Retrieval Is a Ranking Problem
Top-k results from a vector store are sorted by embedding distance, not by usefulness. Embedding similarity and task relevance are correlated but not the same thing, and the gap between them is where RAG quality lives.
Re-Ranking
Re-rank after initial retrieval to improve quality:
def retrieve_with_reranking(query, documents, top_k=5):
initial = vector_store.search(query, k=20)
reranked = cross_encoder.rank(query, initial)
return reranked[:top_k]
Retrieve 20, re-rank, keep 5. The initial retrieval is cheap; the quality comes from what you do with it.
Hybrid Search
Pure semantic search misses exact keyword matches. Pure keyword search misses semantic similarity. Combine them:
def hybrid_search(query, k=10):
bm25_results = bm25.search(query, k=k)
semantic_results = vector_store.search(query, k=k)
return rank_hybrid(bm25_results, semantic_results, weights=[0.3, 0.7])
The 0.3/0.7 split is a reasonable starting point. BM25 catches exact matches that semantic search misses. Adjust based on your recall numbers.
Assembling Retrieved Context
This is the part most teams skip entirely. You have 5 relevant chunks, and most teams never think about what order to put them in, whether all 5 are worth including, or how much of the token budget they should consume versus leaving room for instructions.
Apply the Pyramid
Use The Pyramid pattern: put the most important information first:
def assemble_context(query, retrieved_docs):
docs = sorted(retrieved_docs, key=lambda d: d.relevance, reverse=True)
context = docs[0].content
for doc in docs[1:]:
if len(context) + len(doc.content) < 8000:
context += "\n\n" + doc.content
return context
Apply Grounding
Explicitly tell the model to use the retrieved context:
Use ONLY the information provided in the context below to answer
the question. If the context does not contain the answer, say so.
Context:
[assembled retrieved documents, most relevant first]
Question:
[user query]
This applies the Grounding pattern. The model knows it should use the provided context, not fall back to its training data.
Putting It Together
A complete RAG pipeline with context engineering:
class ContextEngineeredRAG:
def __init__(self):
self.chunker = SemanticChunker()
self.retriever = HybridRetriever()
self.reranker = CrossEncoderReranker()
def query(self, user_query, token_budget=8000):
initial_docs = self.retriever.search(user_query, k=20)
ranked_docs = self.reranker.rank(user_query, initial_docs)
context = self._assemble_with_budget(ranked_docs, token_budget)
prompt = self._build_prompt(user_query, context)
return llm.generate(prompt)
Each step earns its place. Semantic chunking preserves concept boundaries. Hybrid search recovers the keyword matches that embedding similarity misses. Re-ranking filters 20 candidates down to 5 good ones. The assembly step puts the strongest results first. The grounding instruction tells the model to actually use what you retrieved. Skip any of these and you’re leaving quality on the table, usually without a clear signal of what broke.
Common Mistakes
Dumping all retrieved chunks. Retrieving 20 documents and including all of them is worse than including the top 5. The bottom 15 actively degrade quality by diluting attention on the good results. Use Select, Don’t Dump.

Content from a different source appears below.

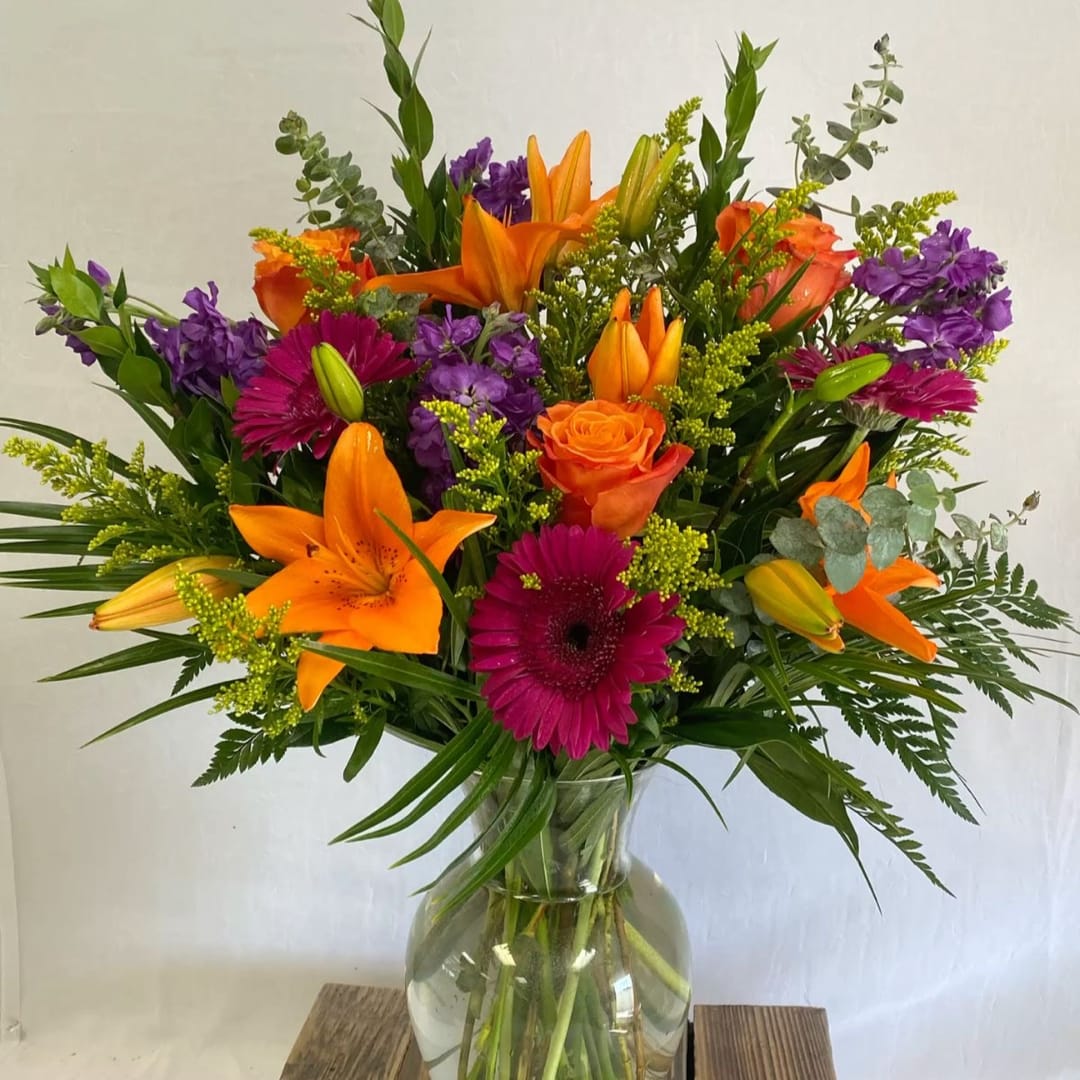Bouquet of orange lilies, roses, and purple flowers in a glass vase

Fixed-size chunking on structured documents. If your documents have headings, paragraphs, and code blocks, fixed-size chunking will split them at random points. Use semantic boundaries.

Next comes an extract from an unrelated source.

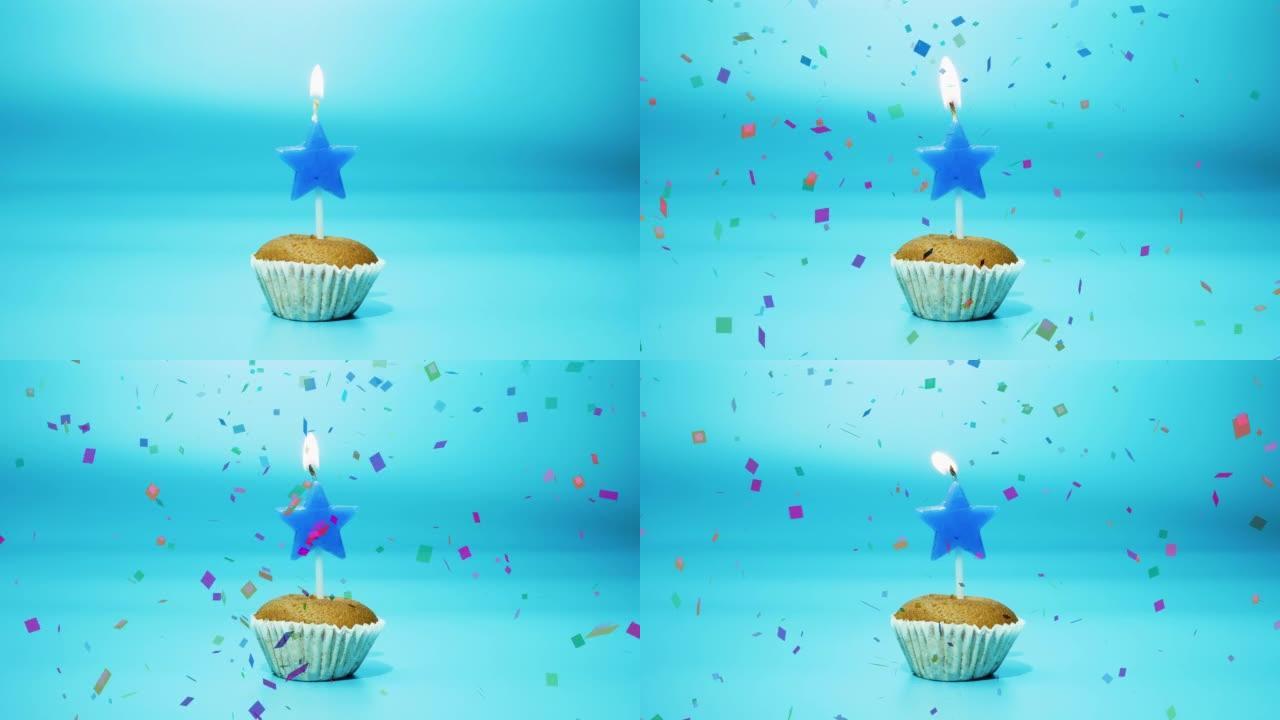 节日烘焙纸杯蛋糕，蓝色背景上有一支燃烧的星星形状的蜡烛。点燃新鲜的蛋糕上。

Skipping re-ranking. The difference between top-5-by-embedding and top-5-after-reranking is often the difference between a usable answer and a hallucinated one.
No grounding instructions. Without explicit instructions to use the retrieved context, the model treats it as optional background. It hallucinates confidently, and the retrieved context just sits there unused.